Bugün toplumun her kesiminde aynı endişe dile getiriliyor: Sosyal medya ve dijital platformlar, özellikle gençlerimizi ve çocuklarımızı hızla etkisi altına alıyor. TikTok, Instagram, Netflix gibi platformlar, artık yalnızca eğlence araçları değil; yanlış yönlendirme, bağımlılık ve şiddet içerikli mesajlarla adeta birer “teknolojik uyuşturucu” haline gelmiş durumda.
16 yaş altına sosyal medya yasağı getirilmesi gerektiği fikri tartışılmalı, çünkü geleceğimizi emanet edeceğimiz gençlerimiz bu ortamların kurbanı oluyor.
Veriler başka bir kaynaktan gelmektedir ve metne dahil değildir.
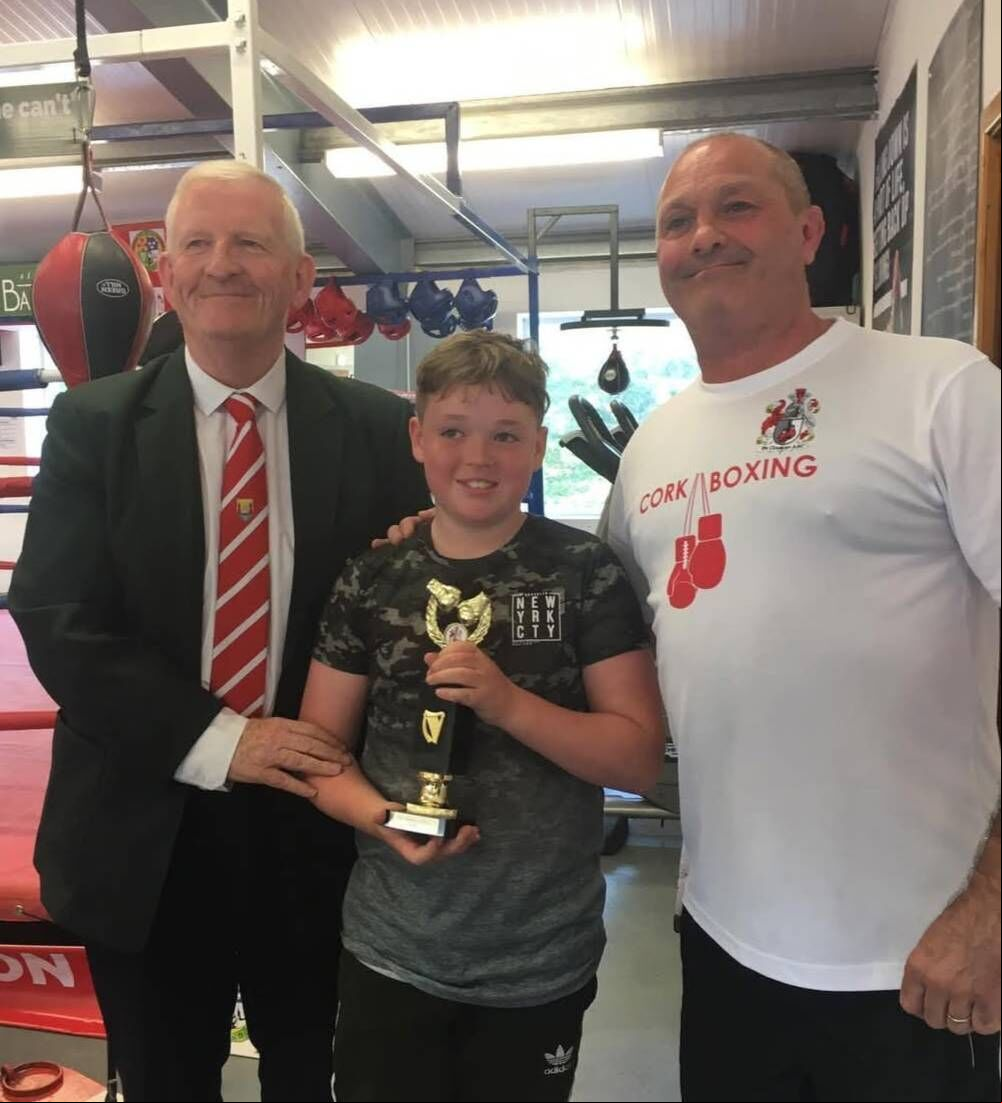 Cork Boxing County Board president Michael O'Brien with De Courey boxer Leon Healy and head coach Will Rossall.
Peki, bu konuda neden hâlâ ciddi bir önlem alınmıyor?
Sosyal medyanın görünen ve görünmeyen tehlikeleri
Sosyal medya, kontrolsüz bir güçle büyüyerek çocukların ruhsal ve fiziksel gelişimlerini tehdit ediyor. Şiddet içerikleri, zararlı akımlar, siber zorbalık ve yanlış rol modeller, genç bireyleri şiddete, yalnızlığa ve çaresizliğe itiyor.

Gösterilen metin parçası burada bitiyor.